(Brief descriptive captions)
****************

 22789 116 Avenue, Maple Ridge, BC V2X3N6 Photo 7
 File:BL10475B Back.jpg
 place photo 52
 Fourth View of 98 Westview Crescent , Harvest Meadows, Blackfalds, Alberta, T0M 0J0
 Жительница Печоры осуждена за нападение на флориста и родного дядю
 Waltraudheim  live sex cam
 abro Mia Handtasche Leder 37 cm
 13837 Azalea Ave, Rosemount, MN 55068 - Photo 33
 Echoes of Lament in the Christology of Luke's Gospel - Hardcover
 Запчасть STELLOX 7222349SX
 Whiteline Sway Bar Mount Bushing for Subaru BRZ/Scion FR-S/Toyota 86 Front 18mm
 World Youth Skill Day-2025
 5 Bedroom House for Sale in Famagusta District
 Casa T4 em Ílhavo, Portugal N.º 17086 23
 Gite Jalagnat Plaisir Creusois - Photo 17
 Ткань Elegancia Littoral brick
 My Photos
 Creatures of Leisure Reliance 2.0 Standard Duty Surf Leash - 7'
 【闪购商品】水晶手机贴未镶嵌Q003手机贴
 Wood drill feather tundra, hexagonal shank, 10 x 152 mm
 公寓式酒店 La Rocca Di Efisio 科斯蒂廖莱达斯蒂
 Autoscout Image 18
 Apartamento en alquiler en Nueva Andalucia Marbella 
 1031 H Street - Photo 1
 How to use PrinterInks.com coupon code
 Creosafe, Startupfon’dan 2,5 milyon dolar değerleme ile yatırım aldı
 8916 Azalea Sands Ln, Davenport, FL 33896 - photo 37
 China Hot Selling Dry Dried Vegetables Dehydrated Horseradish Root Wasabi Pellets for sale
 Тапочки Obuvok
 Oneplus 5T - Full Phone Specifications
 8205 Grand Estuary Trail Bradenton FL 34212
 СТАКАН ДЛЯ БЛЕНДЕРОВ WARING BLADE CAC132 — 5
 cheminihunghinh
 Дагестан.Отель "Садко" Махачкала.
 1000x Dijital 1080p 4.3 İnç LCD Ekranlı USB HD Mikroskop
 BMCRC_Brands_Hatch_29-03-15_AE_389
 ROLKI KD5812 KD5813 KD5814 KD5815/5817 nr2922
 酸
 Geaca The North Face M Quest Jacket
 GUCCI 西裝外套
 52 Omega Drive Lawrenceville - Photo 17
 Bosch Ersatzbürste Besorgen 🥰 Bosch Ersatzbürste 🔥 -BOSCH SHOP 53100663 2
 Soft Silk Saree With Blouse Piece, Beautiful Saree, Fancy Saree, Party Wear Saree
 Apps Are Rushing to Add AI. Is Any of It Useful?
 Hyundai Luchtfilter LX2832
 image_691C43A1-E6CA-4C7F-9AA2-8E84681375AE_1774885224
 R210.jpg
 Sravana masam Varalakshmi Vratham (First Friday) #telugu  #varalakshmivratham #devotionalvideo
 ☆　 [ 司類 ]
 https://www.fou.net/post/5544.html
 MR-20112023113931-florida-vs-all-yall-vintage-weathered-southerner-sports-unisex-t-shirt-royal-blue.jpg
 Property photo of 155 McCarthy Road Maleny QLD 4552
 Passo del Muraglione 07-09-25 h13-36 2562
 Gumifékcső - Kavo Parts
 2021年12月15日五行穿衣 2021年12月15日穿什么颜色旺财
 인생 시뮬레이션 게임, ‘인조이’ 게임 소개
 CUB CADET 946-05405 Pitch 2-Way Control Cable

****************

# Exercise brief:
Exactly repeat the lines above, from the opening line through the one with "live sex cam", and include nothing else.

# Result of this exercise:
 22789 116 Avenue, Maple Ridge, BC V2X3N6 Photo 7
 File:BL10475B Back.jpg
 place photo 52
 Fourth View of 98 Westview Crescent , Harvest Meadows, Blackfalds, Alberta, T0M 0J0
 Жительница Печоры осуждена за нападение на флориста и родного дядю
 Waltraudheim  live sex cam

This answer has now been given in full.